(Items from a dataset)

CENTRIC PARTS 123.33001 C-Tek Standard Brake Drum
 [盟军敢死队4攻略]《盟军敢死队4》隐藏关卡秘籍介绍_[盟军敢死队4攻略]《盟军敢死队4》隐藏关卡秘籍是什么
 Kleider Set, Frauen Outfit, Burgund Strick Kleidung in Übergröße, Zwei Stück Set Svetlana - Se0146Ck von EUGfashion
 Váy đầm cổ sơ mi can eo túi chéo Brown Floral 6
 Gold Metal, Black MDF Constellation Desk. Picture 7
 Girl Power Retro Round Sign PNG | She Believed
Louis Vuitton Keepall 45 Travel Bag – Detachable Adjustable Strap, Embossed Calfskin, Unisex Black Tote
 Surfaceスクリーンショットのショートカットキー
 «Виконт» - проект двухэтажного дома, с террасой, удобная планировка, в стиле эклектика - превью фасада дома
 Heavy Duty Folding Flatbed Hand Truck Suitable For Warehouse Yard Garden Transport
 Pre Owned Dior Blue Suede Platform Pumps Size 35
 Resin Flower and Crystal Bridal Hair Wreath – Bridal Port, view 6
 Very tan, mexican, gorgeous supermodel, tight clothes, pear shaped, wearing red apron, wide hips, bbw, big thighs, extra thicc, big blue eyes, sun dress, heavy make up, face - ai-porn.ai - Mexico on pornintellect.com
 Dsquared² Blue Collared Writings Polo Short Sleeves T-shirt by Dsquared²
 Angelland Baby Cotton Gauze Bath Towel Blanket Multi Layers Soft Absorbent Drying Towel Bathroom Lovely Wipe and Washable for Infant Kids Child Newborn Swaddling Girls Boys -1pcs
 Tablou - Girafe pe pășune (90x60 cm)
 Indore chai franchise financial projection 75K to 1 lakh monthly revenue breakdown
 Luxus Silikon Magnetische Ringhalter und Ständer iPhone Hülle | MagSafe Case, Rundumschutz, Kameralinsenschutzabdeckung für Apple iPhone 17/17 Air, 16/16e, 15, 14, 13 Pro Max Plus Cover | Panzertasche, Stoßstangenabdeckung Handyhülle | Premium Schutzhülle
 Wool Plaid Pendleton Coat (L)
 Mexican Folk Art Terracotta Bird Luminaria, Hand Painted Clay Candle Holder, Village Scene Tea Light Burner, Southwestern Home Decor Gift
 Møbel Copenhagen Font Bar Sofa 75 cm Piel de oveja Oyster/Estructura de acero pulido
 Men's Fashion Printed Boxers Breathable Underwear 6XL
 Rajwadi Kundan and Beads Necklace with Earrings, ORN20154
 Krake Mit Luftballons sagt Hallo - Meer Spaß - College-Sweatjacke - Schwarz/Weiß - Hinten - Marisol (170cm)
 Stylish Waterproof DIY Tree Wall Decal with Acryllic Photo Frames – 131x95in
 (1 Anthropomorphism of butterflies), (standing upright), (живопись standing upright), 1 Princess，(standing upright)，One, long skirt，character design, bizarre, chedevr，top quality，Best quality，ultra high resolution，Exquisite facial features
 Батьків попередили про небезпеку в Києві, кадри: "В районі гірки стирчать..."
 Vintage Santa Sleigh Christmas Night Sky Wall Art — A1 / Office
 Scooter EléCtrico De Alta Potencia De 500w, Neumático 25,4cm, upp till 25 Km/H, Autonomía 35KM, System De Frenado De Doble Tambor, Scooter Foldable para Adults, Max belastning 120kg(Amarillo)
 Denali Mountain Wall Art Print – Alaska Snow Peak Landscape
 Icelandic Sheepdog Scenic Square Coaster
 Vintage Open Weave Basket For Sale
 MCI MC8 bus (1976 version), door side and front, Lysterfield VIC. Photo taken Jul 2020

**WHAT NEEDS TO BE DONE**
Quote, word for word, every line from the top of the entries through the line that holds "Resin Flower and".

**PROBLEM SOLUTION**
CENTRIC PARTS 123.33001 C-Tek Standard Brake Drum
 [盟军敢死队4攻略]《盟军敢死队4》隐藏关卡秘籍介绍_[盟军敢死队4攻略]《盟军敢死队4》隐藏关卡秘籍是什么
 Kleider Set, Frauen Outfit, Burgund Strick Kleidung in Übergröße, Zwei Stück Set Svetlana - Se0146Ck von EUGfashion
 Váy đầm cổ sơ mi can eo túi chéo Brown Floral 6
 Gold Metal, Black MDF Constellation Desk. Picture 7
 Girl Power Retro Round Sign PNG | She Believed
Louis Vuitton Keepall 45 Travel Bag – Detachable Adjustable Strap, Embossed Calfskin, Unisex Black Tote
 Surfaceスクリーンショットのショートカットキー
 «Виконт» - проект двухэтажного дома, с террасой, удобная планировка, в стиле эклектика - превью фасада дома
 Heavy Duty Folding Flatbed Hand Truck Suitable For Warehouse Yard Garden Transport
 Pre Owned Dior Blue Suede Platform Pumps Size 35
 Resin Flower and Crystal Bridal Hair Wreath – Bridal Port, view 6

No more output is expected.